The songs themselves were, outside of the new default pattern of fuzzy, aggressive rock, eccentric and ambitious in all kinds of new ways. ‘So Why So Sad’ remains one of the strangest Manics tracks ever recorded, full of sleighbells and Beach Boys influence and yet released as one of the first singles. ‘Miss Europa Disco Dancer’ was an all-out and shockingly successful effort by the band to play disco. Elsewhere, ‘Epicentre’ and ‘The Convalescent’ were minor epics, stretching to over and just under six minutes respectively, making them extremely long by Manics standards. In this period, Manics creativity was running rampant, as if the commercial success of the last two albums had freed them to simply run wild.

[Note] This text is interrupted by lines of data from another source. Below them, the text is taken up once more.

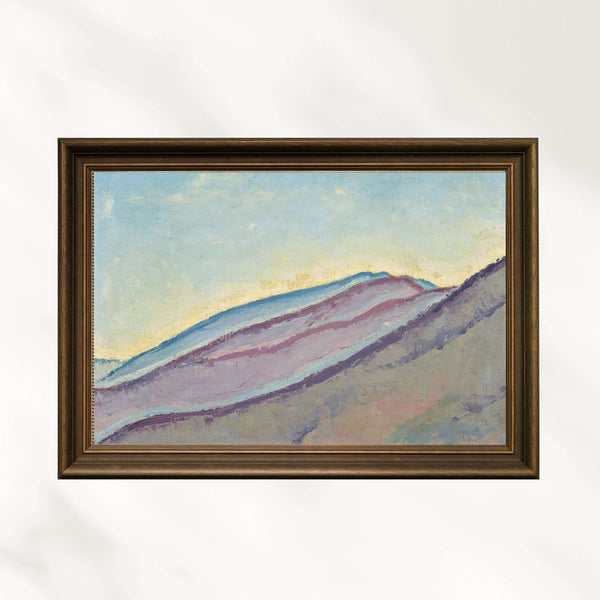 Koloman Moser - Dağ Yamaçları Fine Art Baskı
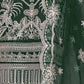 Rajwada Green Georgette Embroidered & Cutwork Semi-Sitched Kurta Set For Women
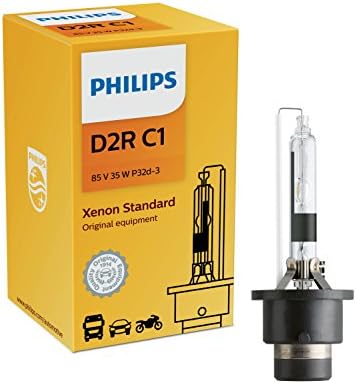 Philips D2R Standard Authentic Xenon HID Headlight Bulb, 1 Pack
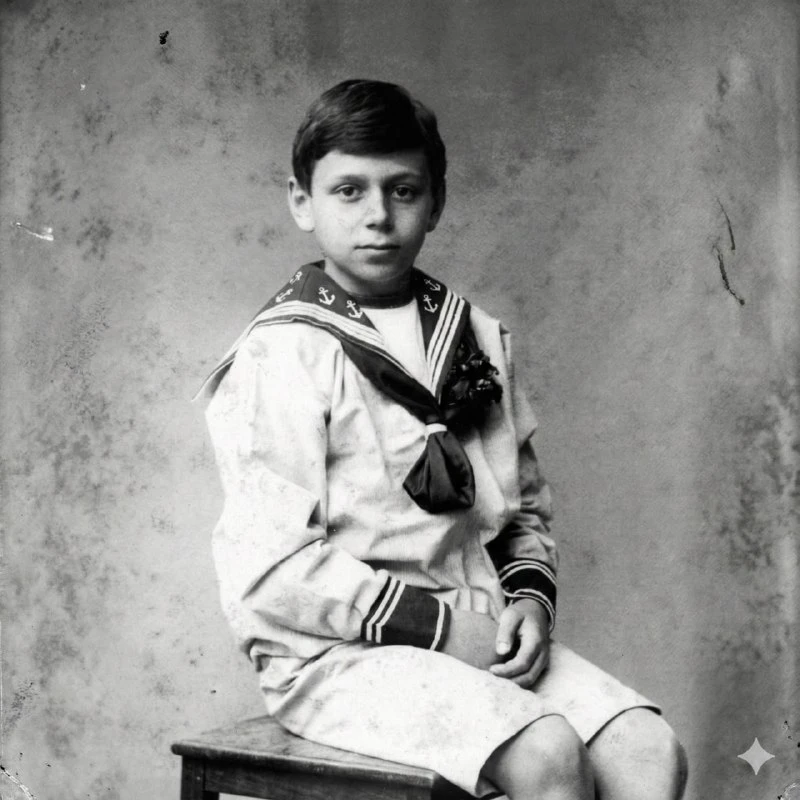 <p><em>На фото: Фулько ди Вердура в детстве</em></p>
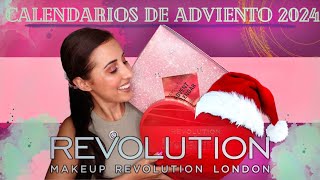 ❥ Abriendo Calendarios de Adviento de Makeup Revolution 2024🎄 ¿Cómo SON este año  ¡LOS ABRIMOS❥ [upl. by Peck]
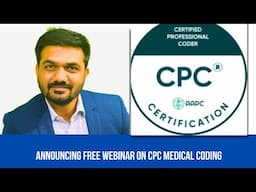Announcing free webinar on CPC medical coding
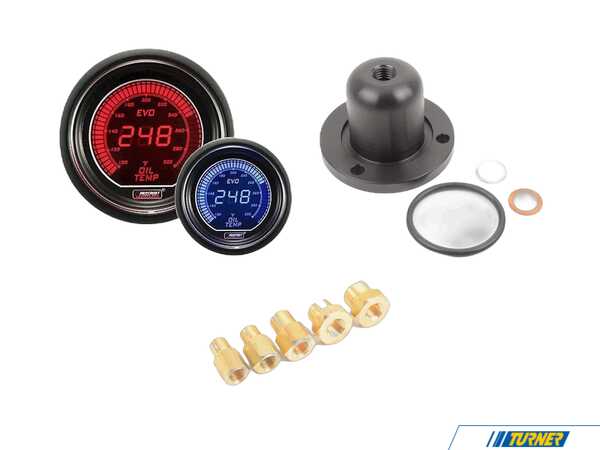 Packaged by Turner Oil Temperature Sensor And Gauge Kit - Blue & Red - Multiple BMWs oiltempgaugeBRKK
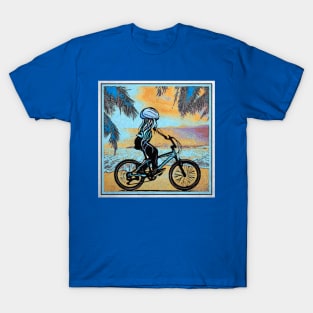 Little Jelly and his new bike! T-Shirt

As it turned out, the legacy of KYE would go on to have some similarities to that of the previous album. While reviews were understandably mixed in some quarters – a major difference – both albums produced a large number of album tracks which have never achieved the level of acclaim or interest they deserve and have rarely if ever been played live. In this way the album is packed with a great many songs which, while not all things to all people, have potential to become major cult favourites among Manics fans even as they languish in obscurity for everyone else.

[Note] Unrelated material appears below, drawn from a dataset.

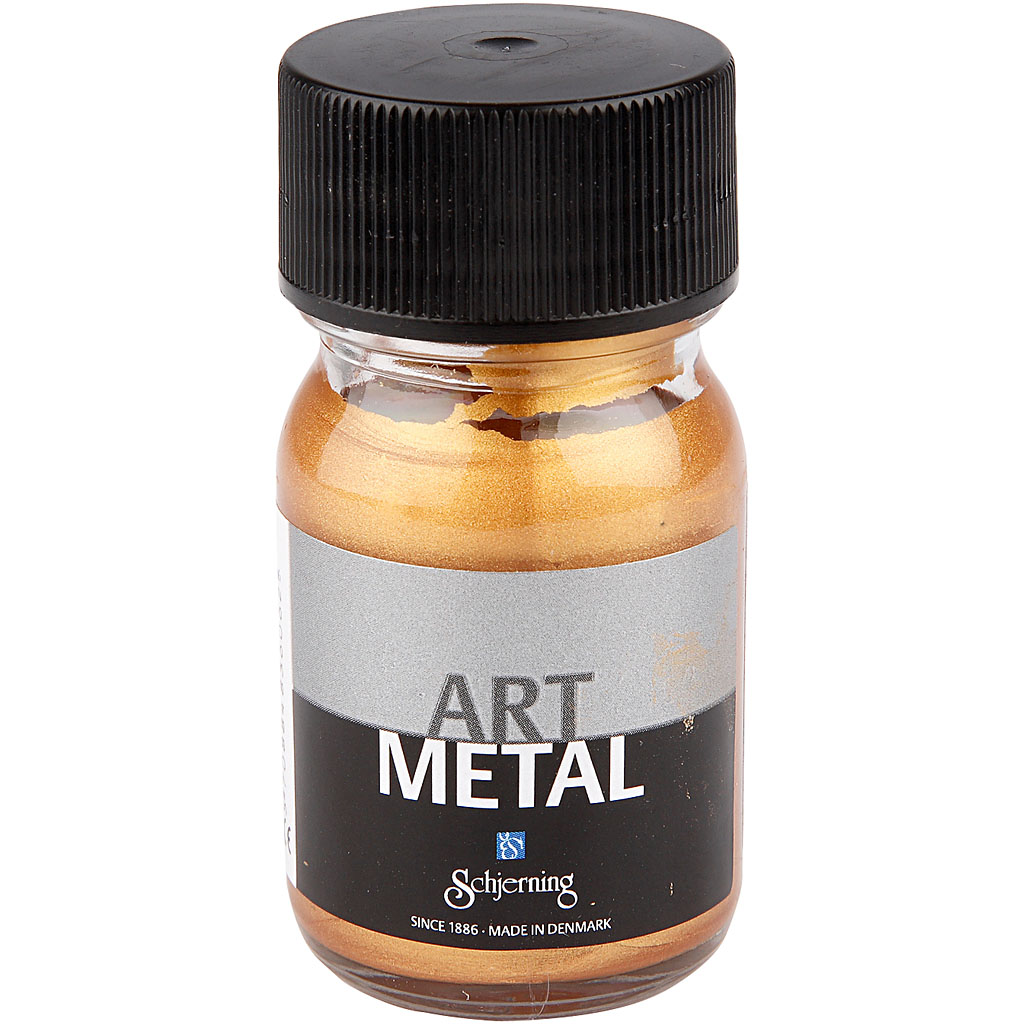 Metallic verf waterbasis medium goud 30ml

Know Your Enemy is perhaps best seen as a rite of passage for Manic Street Preachers, one which many bands have passed through before them. It was never intended to be a major commercial success, but rather a vent for artistic energy and in this aim it succeeds spectacularly. It is perhaps the least coherent Manics album, arguably the least consistent, but in some respects it is one of the most fascinating exactly because of its creative recklessness. It is a unique entry in the Manics catalogue and not to be missed.